_SOURCE MATERIAL_.
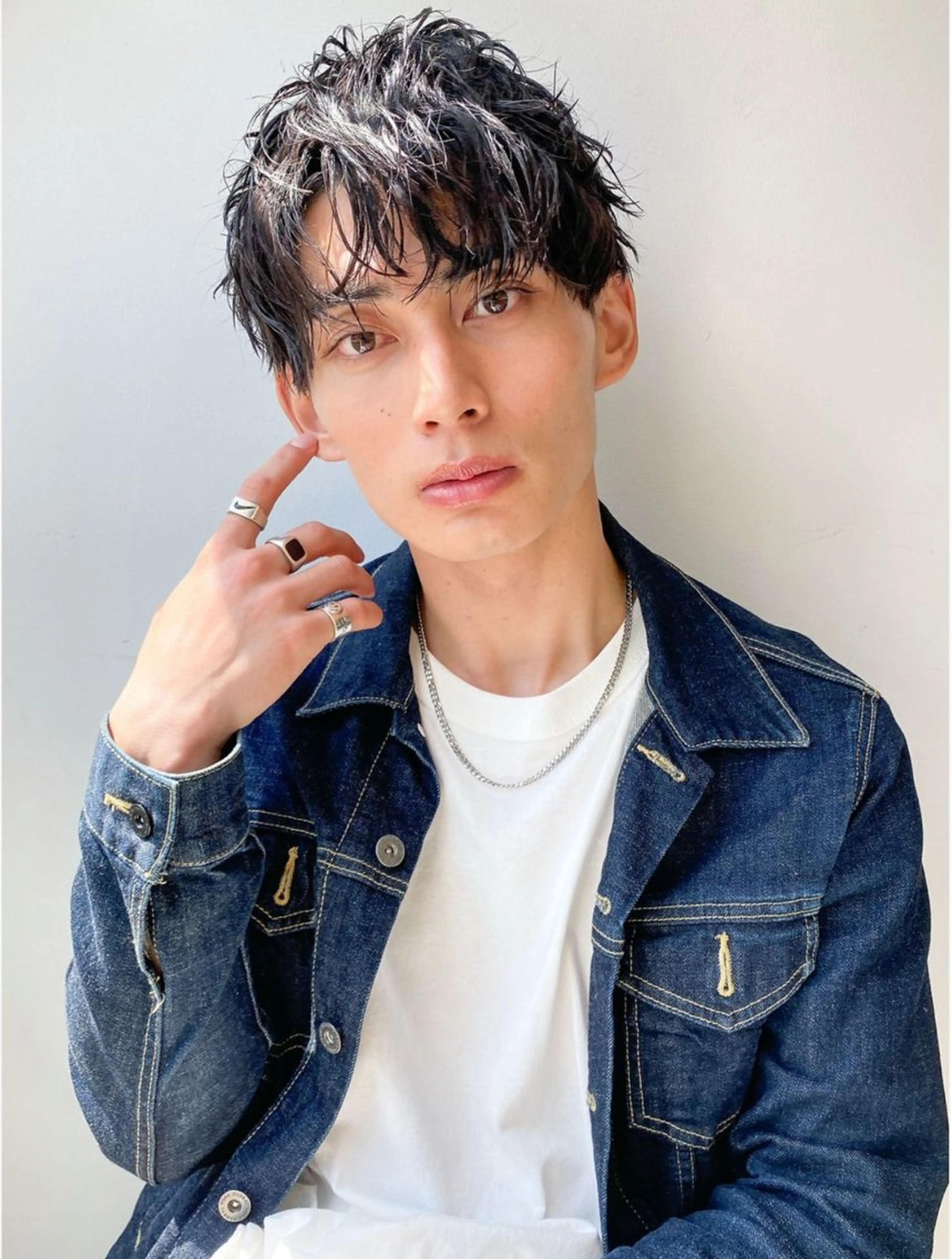 ショート パーマ メンズ センターパート メンズ韓国風 メンズパーマ ツイストスパイラルパーマ 韓国風ヘア カット パーマ ˗ˏˋいくみˎˊ˗ /パーマ/カラーのヘアスタイル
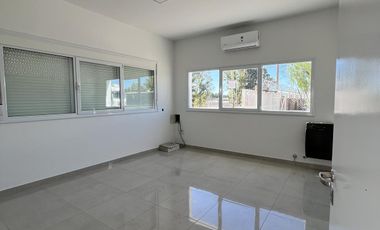 Alquiler Base y Edificio Comercial Centenario sobre Ruta 7 Neuquen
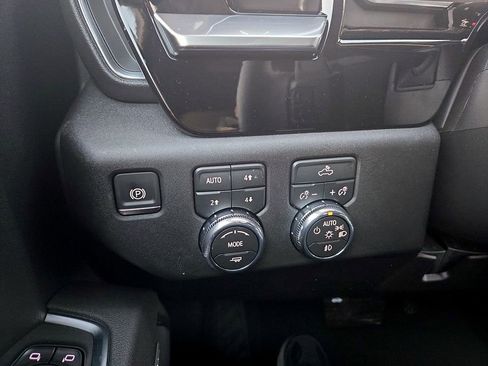 New 2026 GMC Sierra 1500 Elevation image 20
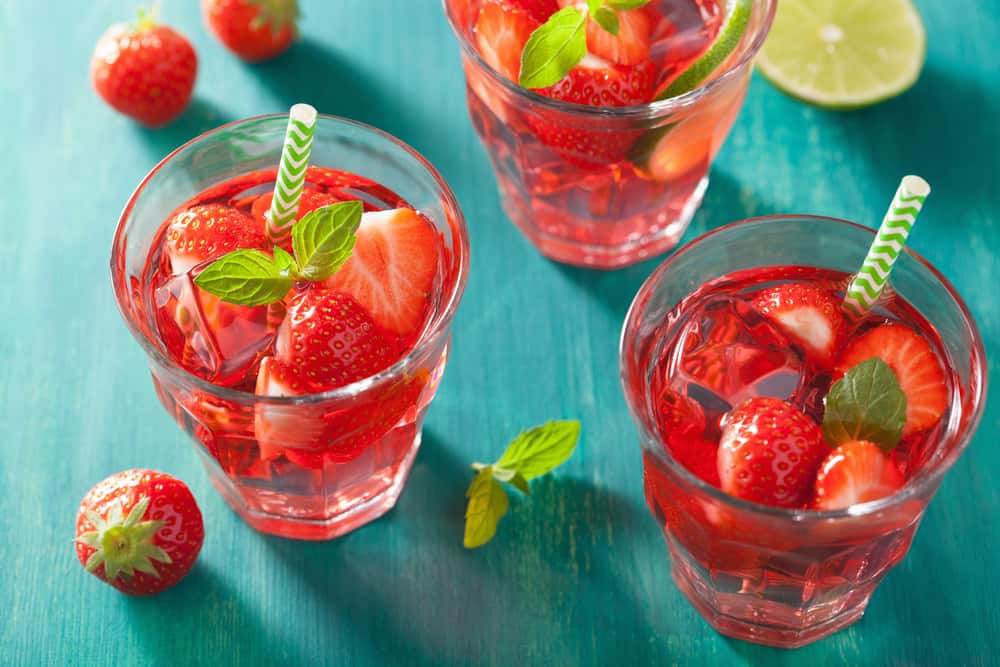 drinks with strawberry puree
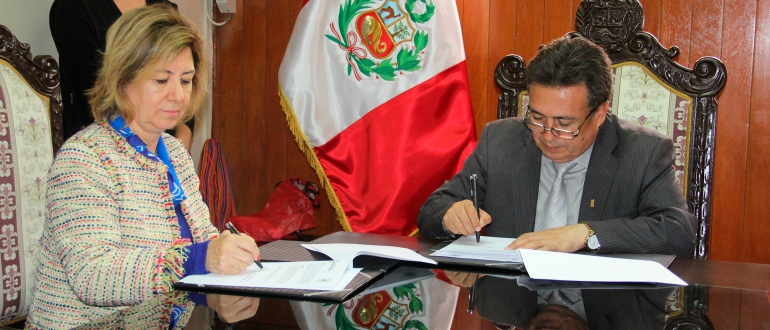 Se suscribe convenio de cooperación con universidad de Paraguay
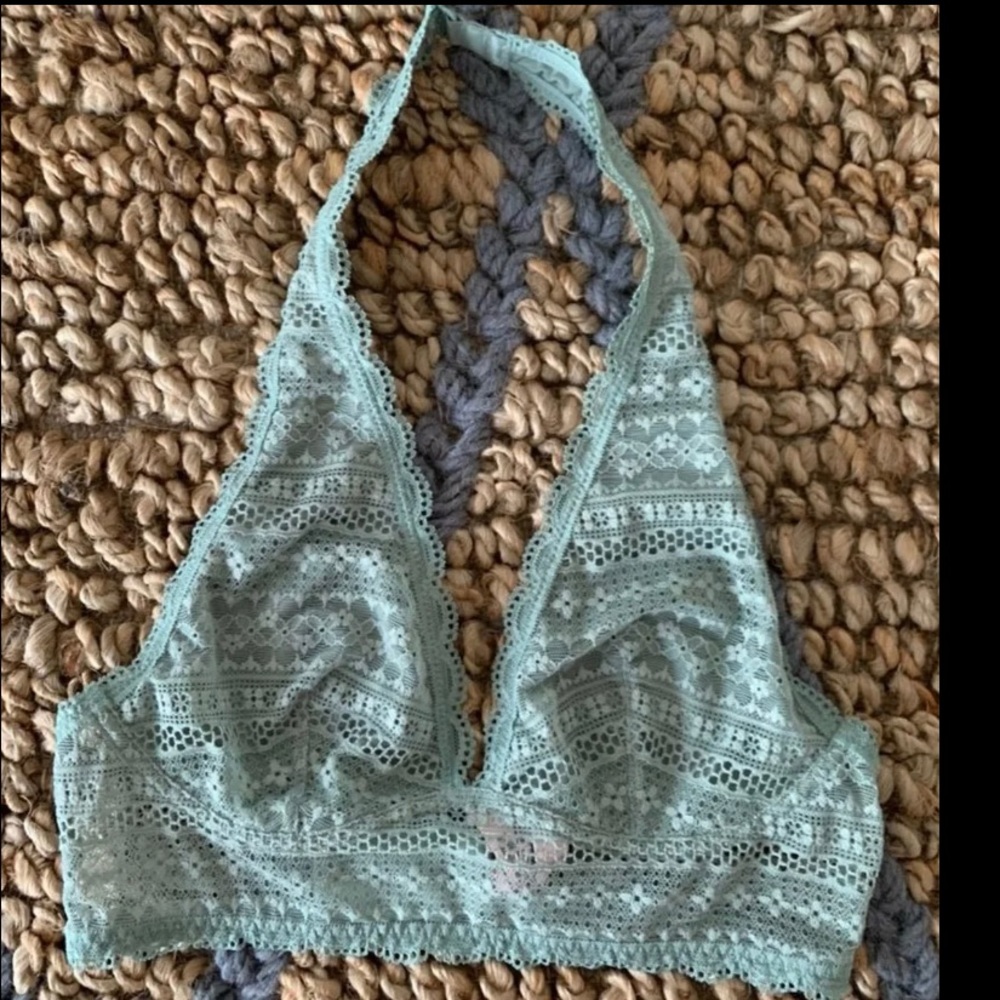 Victoria’s Secret lace bralette. - Picture 1 of 2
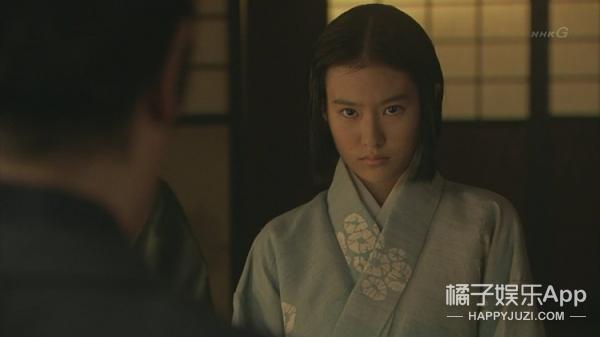 越南女神撞脸刘亦菲 被标榜小刘亦菲她们真像吗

_WHAT YOU ARE ASKED TO DO_.
Every line from the one holding "New 2026 GMC Sierra 1500 Elevation image 20" through the final line of the data above is to be reproduced exactly, both ends included, with the pictures left out.

_SOLUTION TO THIS TASK_.
 New 2026 GMC Sierra 1500 Elevation image 20
 drinks with strawberry puree
 Se suscribe convenio de cooperación con universidad de Paraguay
 Victoria’s Secret lace bralette. - Picture 1 of 2
 越南女神撞脸刘亦菲 被标榜小刘亦菲她们真像吗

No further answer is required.